* [Try it]
Please retype the data below exactly, stopping after the line with "Bead Ornament 2/bag" and skipping every picture.

* [The data]
****

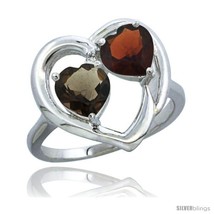Size 9.5 - 14k White Gold 2-Stone Heart Ring 6mm Natural Smoky Topaz &amp; Garnet  - £371.85 GBP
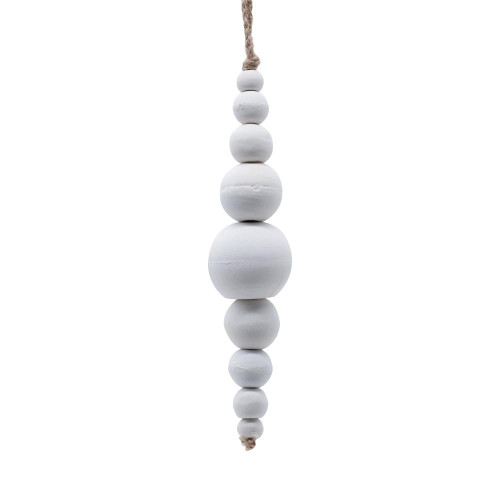 Vickerman JB214602 7" White Wooden Bead Ornament 2/bag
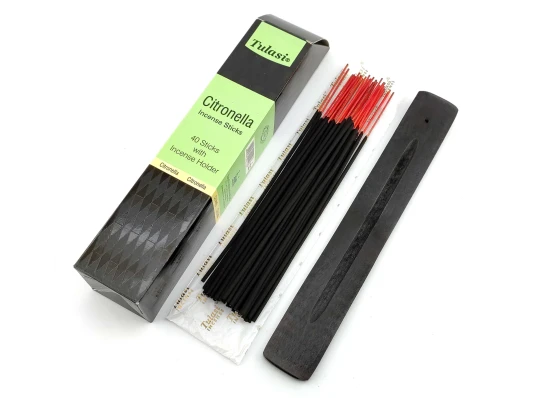 Citronella 40 Stiks with Incense Holder (Благовония 40 штук с деревянной подставкой) (Tulasi) купить в интернет магазине подарков ПраздникШоп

****

* [Answer below]
Size 9.5 - 14k White Gold 2-Stone Heart Ring 6mm Natural Smoky Topaz &amp; Garnet  - £371.85 GBP
 Vickerman JB214602 7" White Wooden Bead Ornament 2/bag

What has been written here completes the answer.